俳優が発言力を持つってどういうこと?

国際演劇協会主宰イベント:10/25 海外で活動するプロフェッショナルシリーズ〈特別編〉─コロナ禍のアーティスト座談会─

ご参加いただいた皆様ありがとうございました。

見逃してしまった方もアーカイブ配信があるようですので、ぜひそちらをご覧いただければと思います。

https://iti-japan.or.jp/announce/6913/?fbclid=IwAR2kqn9FLMhp39sxHyncAyD4IK0SoAmCU6Hpar9xTCt7PiJLTXENqT2u77M

パフォーマーの方々が自分たちの名前で、自分の経験を語れる場を用意してくださったこと、大変ありがたく思います。

この企画の発端となったのは、コロナ真っ只中の6月。

私が尊敬する、国外で活動する俳優・ダンサーの方にオンラインで集まっていただき、情報交換のためのミーティングを開いた。

コロナ禍でどのように過ごしているか、また各国のアーティストへの補償の話から、パフォーマー及びアーティストの人権問題にまで話が発展した。

このミーティングで起こった「情報交換」という目的を超えた刺激的なディスカッションが、俳優の権利や、演劇のツールとしての教育的側面を考え始めるきっかけとなった。
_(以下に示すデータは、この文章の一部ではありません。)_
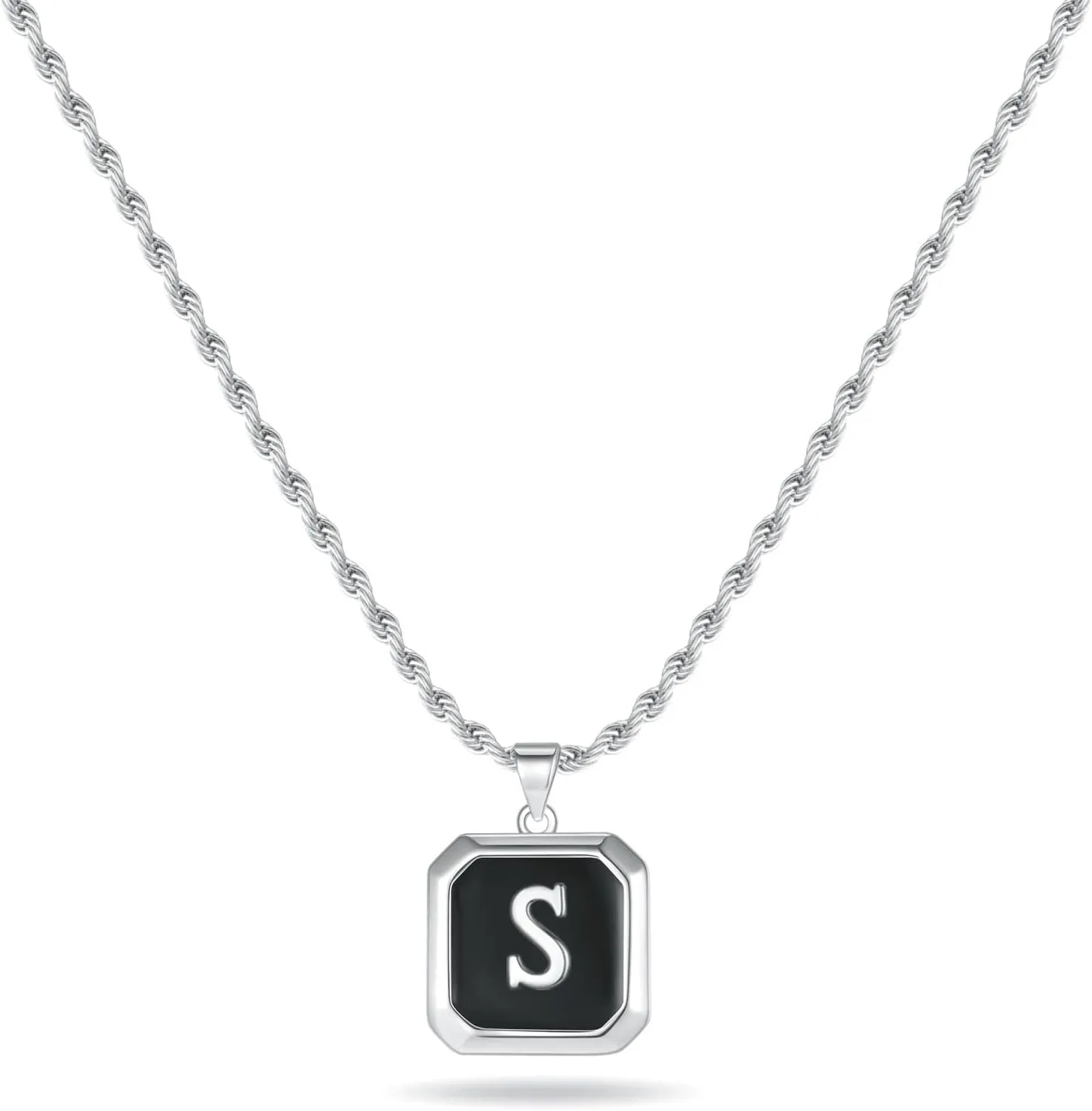 LUXEJEW Initial A-Z Letter Necklace for Men Boys Women - Stainless Steel Rope Chain Letter Pendant Necklaces Capital Monogram Necklace Jewelry Gifts for Men 20 2 Inches
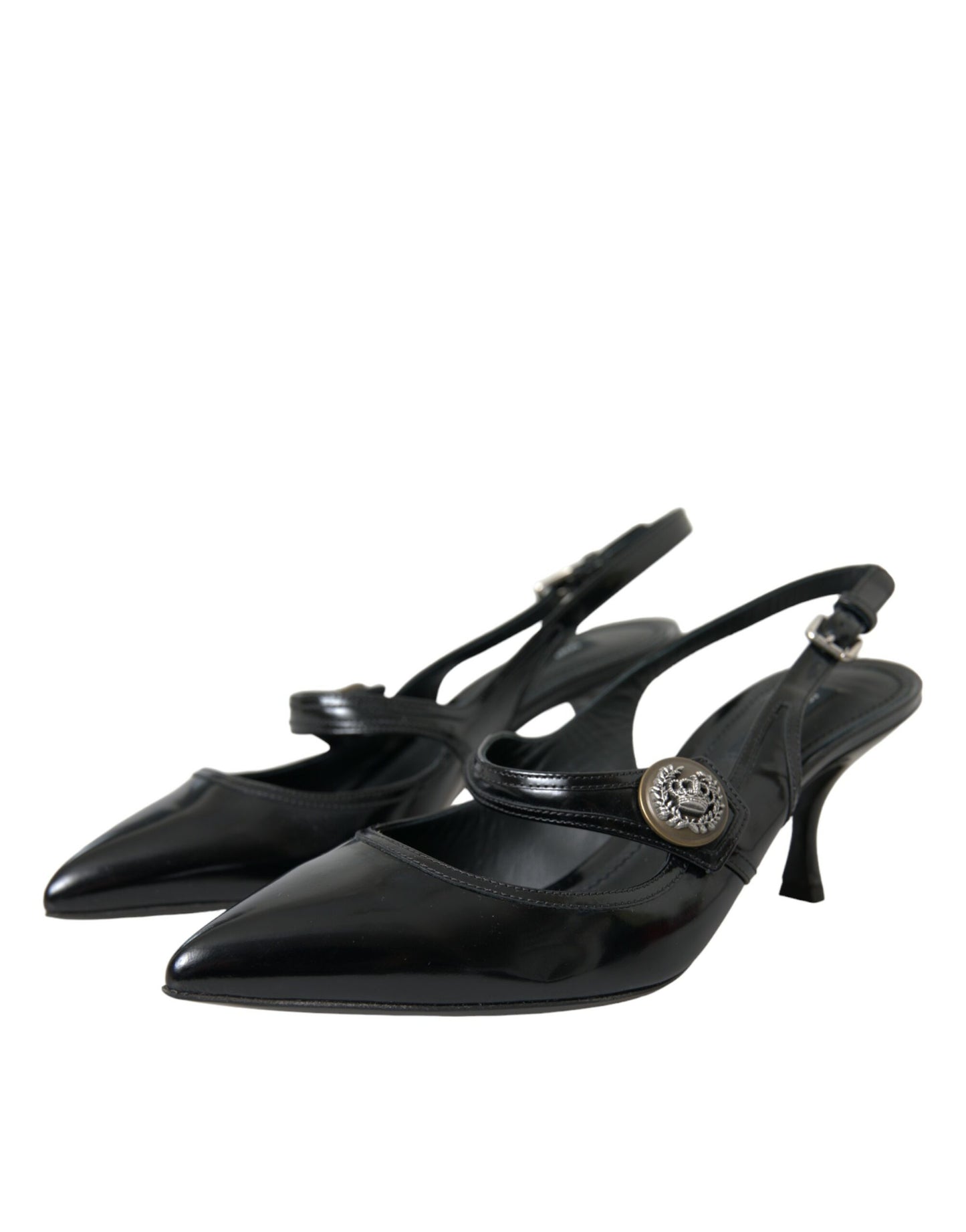 Dolce & Gabbana Schwarze Leder verschönerte Slingbacks Schuhe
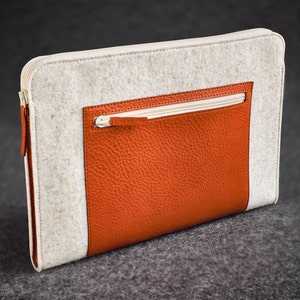 Laptop Felt and Leather Case Hand-made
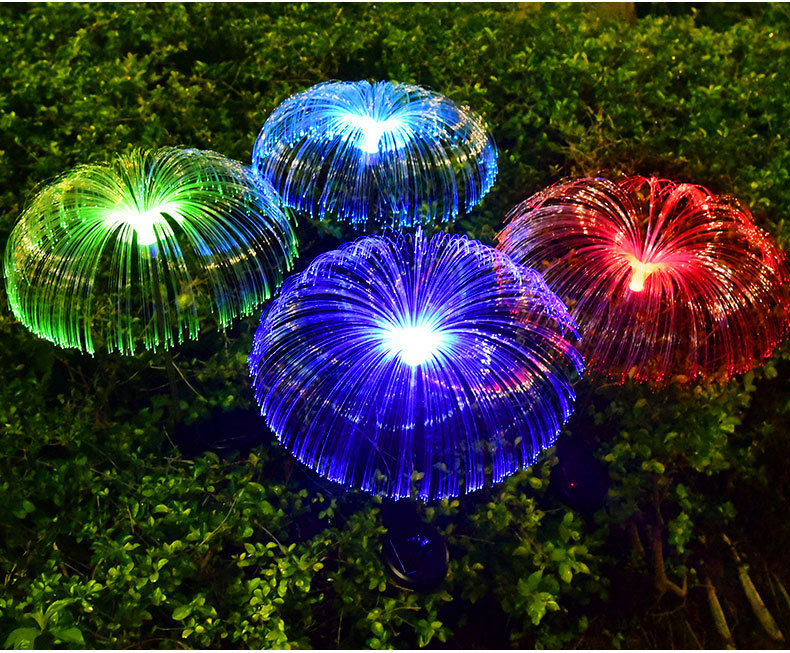 RGBled solar lights, courtyard decoration, seven-color optical fiber jellyfish lights, meteor shower atmosphere, festival lights pic 2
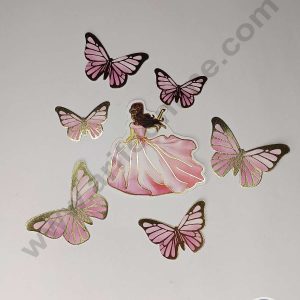 CAKE DECOR™ 7 pcs Pink Lady with Butterfly Theme Paper Topper For Cake And Cupcake SBMT-PT-113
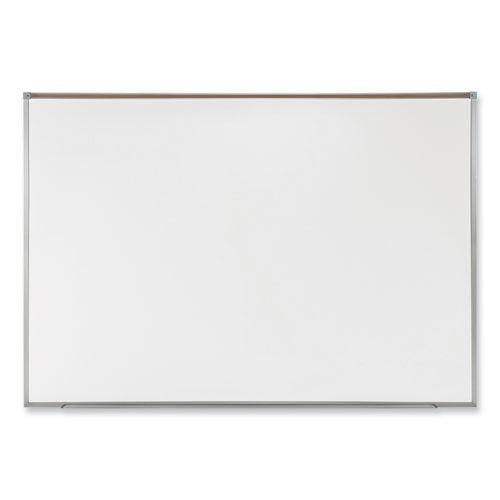 Proma Magnetic Porcelain Projection Whiteboard With Aluminum Frame, 72.5" X 48.5", White Surface, Satin Aluminum Frame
日本では、「人権」というとちょっと重いイメージがあるかもしれないけど、

私は、「ハラスメント」を話すよりは、ひとりひとりの「人権」を言及していきたいと思う。

9月にある劇団の元劇団員が起こした訴訟があった。

「劇団活動は労働」異例の判決確定 訴えた元団員の願いhttps://www.asahi.com/articles/ASNBM4FDWNBDUTIL03C.html

「好きなことを好きでやっているから、つらくて当たり前と刷り込まれていた」

俳優なら誰でも、この言葉にピンときただろうと思う。

フランスで、俳優たちの「人権」が、ある程度保証されている理由のひとつとして、俳優たちが「発言力」を持っているという点があげられると思う。

地方公演にいくと、劇場が主宰する若者向けのワークショップを公演とセットで依頼される。ほとんどの場合、演出家ではなく、俳優が、高校や中学に赴き、授業やワークショップを行う。

俳優たちは個人の名前で自分が関わっている作品について語る権利と場所を与えられている。

公演後のアフタートークなども俳優たちだけで受け持ったことが多々ある。

人間は、「発言力」を持つ人に対して、不当なことはできないという意識がどこかで働いているのではないかと思う。

俳優としていかに「発言力」を高めていくか。

有名になる、知名度をあげる。これも、ひとつの方法だろう。

でも、人権が一番侵害されやすい若手の場合はどうすればいい?

安心して発言できる「場所」があるだけで、「好きなことを好きでやっているから、つらくて当たり前」に疑いの目をむけられたのではないか。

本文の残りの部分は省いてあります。